RECORDED DATA:
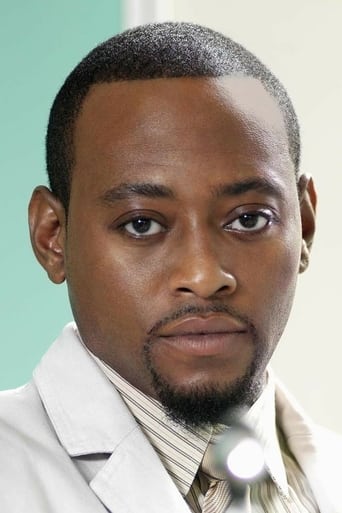 Immagine di Omar Epps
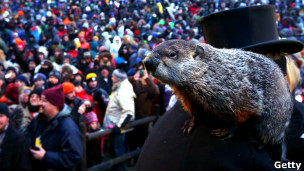 Marmota / Getty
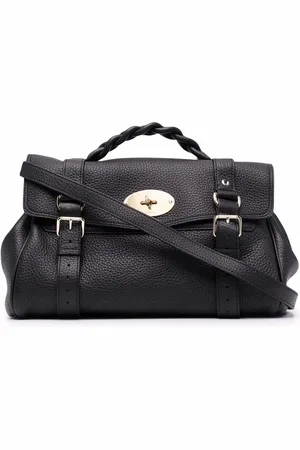 MULBERRY Alexa läderväska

PROBLEM DESCRIPTION:
Omit the pictures, then set down all the remaining data exactly as given.

TASK RESPONSE:
 Immagine di Omar Epps
 Marmota / Getty
 MULBERRY Alexa läderväska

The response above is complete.